Декабрь без Рождества
Шрифт:
«Бог в помощь, добрые люди, — приветливо промолвила она, наслаждаясь отвычным ощущением свободы: пожалуй, в первый раз за год маменька не воспротивилась ее выезду из имения в одиночестве. Последних французов уж месяца три как не шаталось в окрестностях, мертвые тела, окаймлявшие дороги, больше не пугали проезжающих, но первые синие травы еще не поднялись над земляными холмами. Был первый теплый денек, и ничто, даже тесноватое в проймах прошлогоднее платье-амазонка, не могло помешать ее радости».
«Без Божьей помощи уже не остались, — весело отвечал детина, рубивший топором доски.
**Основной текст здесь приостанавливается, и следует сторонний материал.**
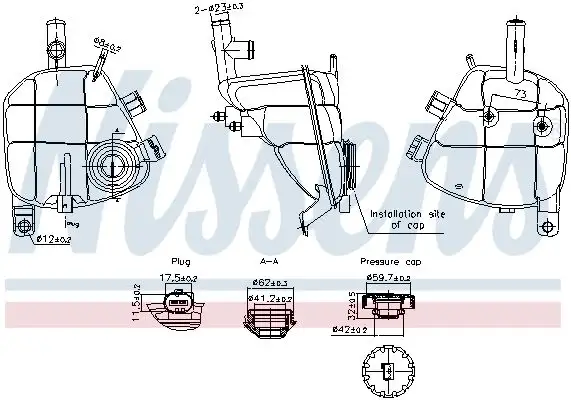 NISSENS 996202 Yedek Su Deposu A1645000049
Верно, не было времени на то, чтоб ждать, когда пожалуют пильщики. — Барин распорядился господский лес брать, и то, мирской-то уж подчистую
Панна вздохнула, тут же мысленно укорив себя за недавнее ликующее расположение духа.
«Сильно ребятишки болели в землянках-то? — тихо спросила она».
«Не то чтоб болели, а померло, однако ж, немало, — мужик сощурил глаз, между разговором примериваясь для следующего удара. — А все ж раньше тепла строиться не в пору было».
Панна тронула поводья.
Липовицы находились ближе прочих имений к Смоленской дороге: ни до Камышей, ни до Сабурова с Кленовым Златом война не доплеснула. По пути к Москве разлив вражьих войск миновал и Липовицы, но нетрудно было догадаться, что попятный ход их заденет.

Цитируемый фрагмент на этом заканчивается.